Algorithms for weighted sampling without replacement (Part 1)

Some time ago I learned from a blog post by Thomas Lumley that R uses “sequential sampling” when using weighted sampling without replacement. As a consequence, the probability of an item being included in the sample is not proportional to the item’s weight.

This felt very counter-intuitive at first, but a blog post by Peter Ellis added some further discussion and useful visualizations, which I am adapting here for my needs. For the current use-case we can use a simplified function signature with only the number of selected elements size and the vector of weights prob.
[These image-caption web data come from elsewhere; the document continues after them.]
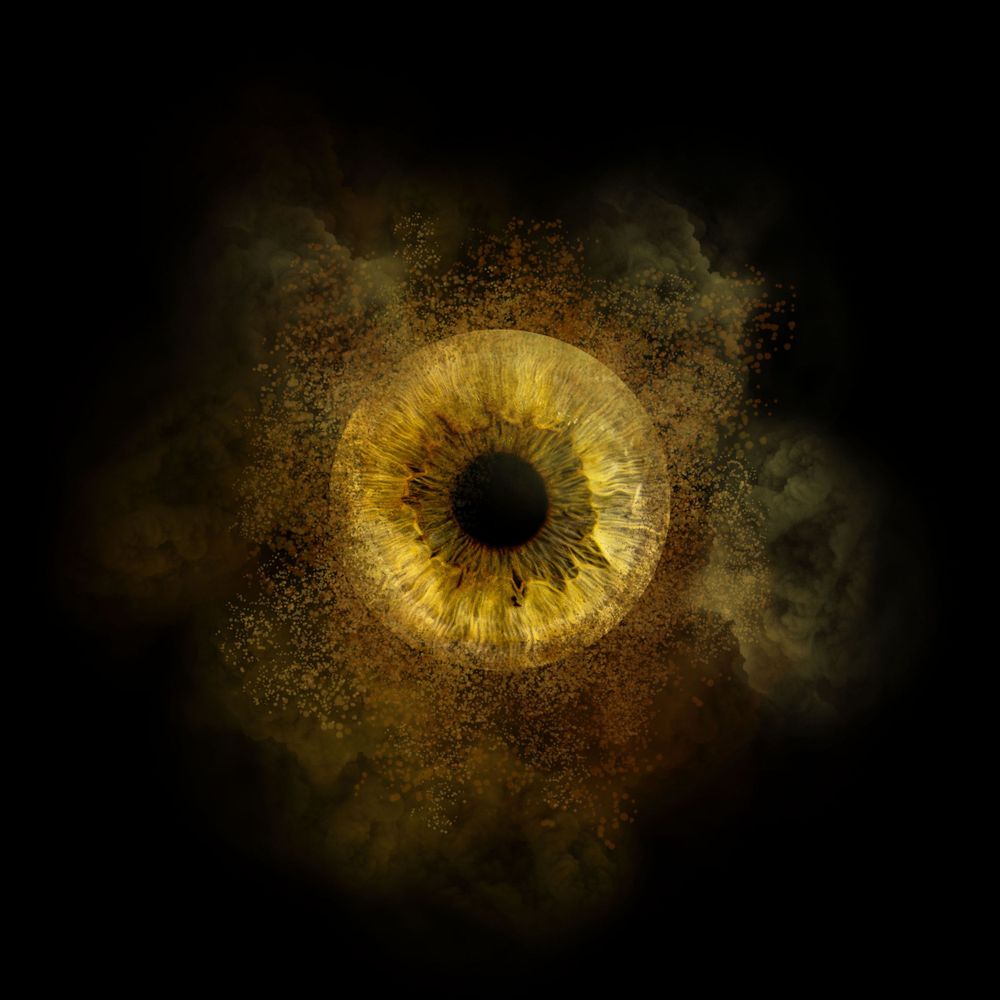 A glowing golden iris and black pupil emerges from a dark smoky background with mystical ethereal effects.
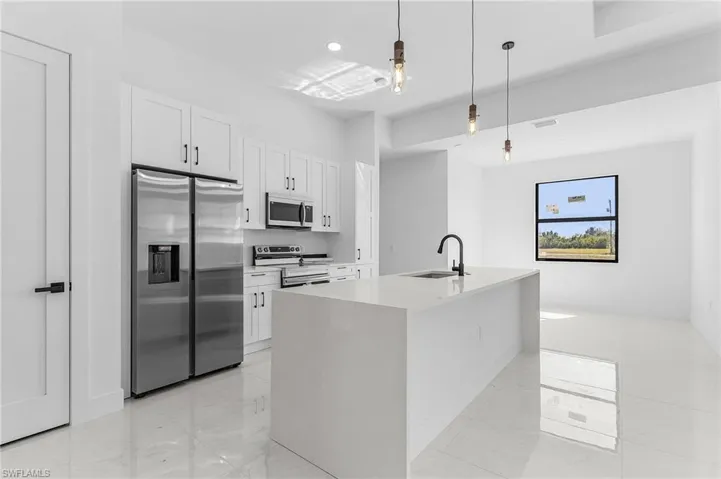 Kitchen with decorative light fixtures, light countertops, stainless steel appliances, white cabinetry, and a sink
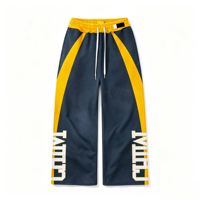 Pantalon de survêtement streetwear vintage délavé, bleu marine et jaune, avec imprimé lettres color block, coupe large, taille élastique avec cordon de serrage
A wrapper for base R’s sample would look like:

sample_R <- function (size, prob) { 
  sample.int(length(prob), size, replace = FALSE, prob)
}

Adapting the visualization function we get:

library(tidyverse)

── Attaching core tidyverse packages ──────────────────────── tidyverse 2.0.0 ──
✔ dplyr     1.1.4     ✔ readr     2.1.5
✔ forcats   1.0.0     ✔ stringr   1.5.1
✔ ggplot2   3.5.1     ✔ tibble    3.2.1
✔ lubridate 1.9.3     ✔ tidyr     1.3.1
✔ purrr     1.0.2     
── Conflicts ────────────────────────────────────────── tidyverse_conflicts() ──
✖ dplyr::filter() masks stats::filter()
✖ dplyr::lag()    masks stats::lag()
ℹ Use the conflicted package (<http://conflicted.r-lib.org/>) to force all conflicts to become errors

library(glue)

compare_ppswor <- function(n = 10,
                           N = 20,
                           reps = 1e5,
                           prob = 1:N / sum(1:N),
                           FUN = sample_R,
                           m = "R's native `sample()` function."){

  prob <- prob / sum(prob)
  
  
  samples <- lapply(rep(n, reps), function(size){
    FUN(size = size, prob = prob)
    })
  
  p <- tibble(
    original = prob,
    selected = as.numeric(table(unlist(samples))) / (reps * n)
  )  |>
    ggplot(aes(x = original, y = selected)) +
    geom_abline(slope = 1 , intercept = 0, colour = "orange") +
    geom_point(colour = "steelblue") +
    labs(x = "Original 'probability' or weight",
         y = "Actual proportion of selections",
         subtitle = glue("Population of {N}, sample size {n}, sampling without replacement.\nUsing {m}"),
         title = "Use of `sample()` with unequal probabilities of sampling") +
    coord_equal() 
  
  p
}

compare_ppswor()

Here we see that the third of the items with the highest weight has a reduced probability of inclusion, while the other two thirds are slightly above the expected probability.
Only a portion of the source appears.